18. The method of claim 17, further comprising connecting a flexible tubing to said third chamber.
19. The method of claim 11 wherein the first chamber is a vial containing a liquid and the second chamber contains a solid.
20. A kit for preparing bone cement from a liquid monomer and a solid polymer, the kit comprising:
the system of claim 1 wherein the first chamber contains the liquid monomer and the second chamber contains the solid polymer; and
instructions for sealably engaging the first chamber with the second chamber and for relatively moving the chambers relative to each other to mix the liquid monomer with the solid polymer within the second chamber.
Description
FIELD OF THE INVENTION

The present invention relates to devices and systems for the sealed mixing of two or more materials and the subsequent delivery of the combined material to a target location. Such devices and systems are particularly useful for the mixing of bone cement and other toxic or noxious materials in a sealed environment and the subsequent delivery or injection of the material to a target site within the body, also performed in a sealed environment.

BACKGROUND OF THE INVENTION

The introduction of viscous materials to an implantation site within a patient to affect one or more therapeutic goals is well known. Material ranging from typical fluids or solutions to non-Newtonian fluids, pastes, gels and the like has been used for one purpose or another in the medical arts.

A commonly injectable viscous material is bone cement. Bone cement is often used to affix a prosthesis to a bone or joint structure. Hip and knee joints are the most common examples of such prosthetic devices. Another common use of bone cement is for repairing or mending bone fractures or shattered bone or for supplementing a weakened bone structure, such as in the case of vertebroplasty. Bone cement may also be used for cosmetic or dental surgery. Moreover, bone cement may be used as a drug delivery or release system, whereby the bone cement is mixed with antibiotics or other desired drugs and applied to a specific surgical site such that the drugs leach out and are delivered directly to the surgical site.

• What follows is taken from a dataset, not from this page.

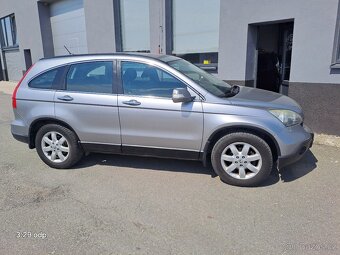 HONDA CR-V 2.2 I-CTDi 4WD 103W, r.09 4x4, VELMI SOLIDNÍ - 6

Bone cements are typically formed by mixing a polymer powder or beads and a liquid monomer. Examples of bone cements include polymethyl methacrylate (PMMA), methyl methacrylate. Examples of other types of non-polymer based bone cements include calcium phosphate cements and calcium sulphate cements. In order to provide bone cement having the desired properties, the separately packaged compounds, must be uniformly and thoroughly mixed so that a homogeneous product is produced. Once the components are mixed, there is a limited time within which the blended mixture is effective or usable. Thus, the mixing operation must be conducted immediately prior to use of the cement, and is usually done by a medical professional near the patient in a clinical setting.

Mixing or blending of the compounds may be accomplished by any means that applies large strains to the mixtures mass at a relatively slow rate to produce a uniform, homogenous distribution of the components within the mixture. The mixing procedure may be performed in an “open” environment, such as in a bowl with the use of a spatula, or in a “closed” environment, such as in vials that can be shaken or in other vessels that contain a self-contained stirring mechanism. The fully mixed cement is then transferred to a separate dispensing or injection apparatus. Examples of injection devices are disclosed in U.S. Pat. No. 6,783,515 and U.S. Patent Application Publication Nos. 2003/0018339, 2003/0036762, 2003/0067837 and 2003/0040718. With a number of the known mixing techniques, the cement is poured or spooned from the mixing device to the dispensing device. This is disadvantageous as the bone cement emits vapors which may be noxious and toxic.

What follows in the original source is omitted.